Joseph Paul Franklin hadn’t been dead long, killed by lethal injection in a Missouri prison, when Mitchell received an email from Roberts about the execution.

“This event triggered the beginning of the release of Mitchell’s memories about her abuse by . . . Roberts,” her lawsuit alleges.

She puts it more simply.

“That’s when the memories came back,” she told The Post.

Ever since, Mitchell has been trying to hold the prosecutor turned judge accountable for what she claims he did to her 35 years ago.

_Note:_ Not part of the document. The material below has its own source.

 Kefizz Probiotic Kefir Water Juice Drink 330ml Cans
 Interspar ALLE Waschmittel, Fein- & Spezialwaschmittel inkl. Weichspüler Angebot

On June 24, 2014, she emailed Roberts saying that she had suffered from night terrors and migraines ever since the trial, saying she had been raped and abused by many men. She also talked about their attraction to one another during the trial, and asked why he was attracted to her.

Minutes later, he called her, according to the Utah Attorney General’s report. She taped the conversation, during which he admitted to a relationship but said he was “very careful about making sure that. . . your testimony happened and nothing, you know, physical went on until after you had finished your testimony.”

Mitchell took the tape to the AG’s office, which eventually investigated her claims.

Cassell, after reviewing that investigation, concluded that there was “significant evidence that Mr. Roberts did engage in sexual relations” with Mitchell “on multiple occasions under the guise of ‘witness preparation.’ These events are firmly established not only by Ms. Jackson-Mitchell’s own report but also by a recorded telephone call between her and Mr. Roberts. Additional witnesses provide generally corroborative information.”

Those witnesses, he said, included her mother, who said she had thought it was “odd about how much time her daughter and Mr. Roberts were spending together, but never questioned it because Mr. Roberts was an important prosecutor and well educated.” Also interviewed was a friend of Jackson-Mitchell, who said Jackson-Mitchell had told her about her “‘affair'” with Roberts and “that the two of them were having sex.” The friend told investigators “it made her sick because Mr. Roberts was 28 while Ms. Jackson-Mitchell was only 16. . ..She said Ms. Jackson-Mitchell became an emotional wreck once she realized she had been taken advantage of by Mr. Roberts.”

While Cassell said “it does not appear that these allegations are strong enough to support a criminal prosecution” — noting that under the law at that time she was “old enough to consent” — he said that sex between a federal prosecutor and one of his witnesses, let alone a 16-year-old witness, has “ethical implications.”

“Mr. Roberts’s sexual relationship during trial preparation with. . . Mitchell, a witness and a minor, very likely constituted a violation of multiple provisions of the Rules of Practice governing lawyers appearing in the federal district court in Utah and the Standards of Conduct for Justice Department employees codified in the Code of Federal Regulations,” he said.

Despite Roberts’s retirement on Wednesday, Mitchell said she is not satisfied.

“Not if he gets a pension,” she said.

She called Roberts’s claim that the sex was consensual “a lie.” And she said her lawsuit is not about money but “doing the right thing” and inspiring others to do the same.

“I want other victims to not feel like their lives are ruined and they are throw-away people because they were raped and silenced,” Mitchell said.